The Trojans in “Troy” are peace-loving Anatolians minding their own business before the Hellenics invade, and Agamemnon (Brendan Gleeson)  is a greedy, tyrannical imperialist (modeled after You Know Who, I guess, or maybe Dick Cheney) who invades nice Troy in a power grab on the mere excuse that his equally nasty brother Menelaus’ honor was violated when his wife ran off with the Trojan prince Paris. This, too, is historical nonsense. Agamemnon in classical literature was merely the head king among his royal Greek equals (including Odysseus, whom Sean Bean doesn’t get much of a chance with in this movie), and Agamemnon’s sin wasn’t imperialism but his sacrifice of his daughter Iphigenia (left out of the movie) in order to get wind into the Greek sails.
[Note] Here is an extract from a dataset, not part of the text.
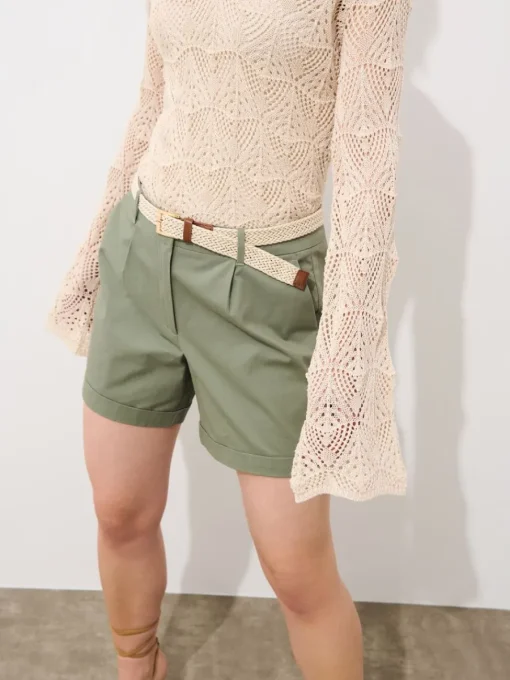Shorts>MOHITO Shorts mit Gürtel Grün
In keeping with the patriarchal-Greek theme, as TOC points out, Diane Kruger’s Helen is a housewife/victim who finds women’s liberation in the shape of Paris (Orlando Bloom) a consummate wimp until he realizes late in the movie that he is actually Legolas and starts polishing his killer-archery skills.


Such irritating ideology is so pervasive in this movie that I found myself unable to weep, as I do when I read the “Iliad,” over the most touching scene in all classical literature: Hector’s farewell to his wife, Andromache, just before he goes to fight Achilles. Andromache begs him not to go, for she is an orphan and he is the only family she has. Hector knows perfectly well that he will die, and he knows well enough–or can foresee–that their young son will be hurled from the walls of Troy when the city falls. “Troy” can’t grasp this tragedy, which the Greeks knew all too well, that war is horrifying but it is also a theater of human immortality through the winning of glory. 
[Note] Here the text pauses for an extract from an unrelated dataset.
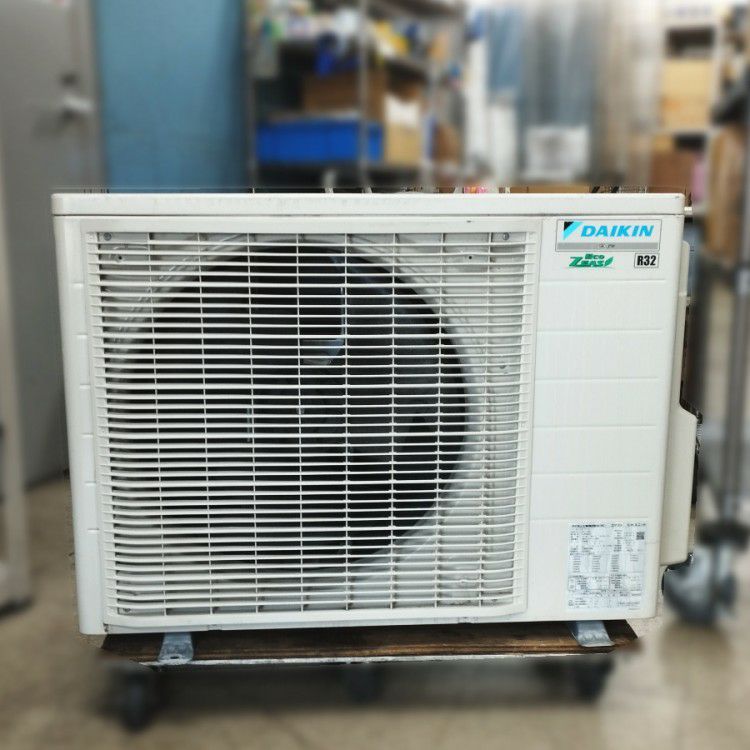 愛知県にて DAIKIN/ダイキン 天吊自在形エアコン SZRU80BYT を買取致しました。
That’s why, unlike TOC, I sincerely hope that director Peterson doesn’t decide to attack the Aeneid  next. I laughed out loud when Paris encounters Virgil’s hero in a secret escape tunnel as Troy burns.


“What is your name, young man?” (as if Paris wouldn’t know–they’re cousins!).


“Aeneas.”


“Take this, the sword of Troy (!), and found a new city, a better place.”


Yes, a gentle, peace-loving, animal-rights kind of place called Rome. Unfortunately, Virgil, like Homer, knew that war is inevitable, but it is often the price to be paid for the forging and the preservation of civilization.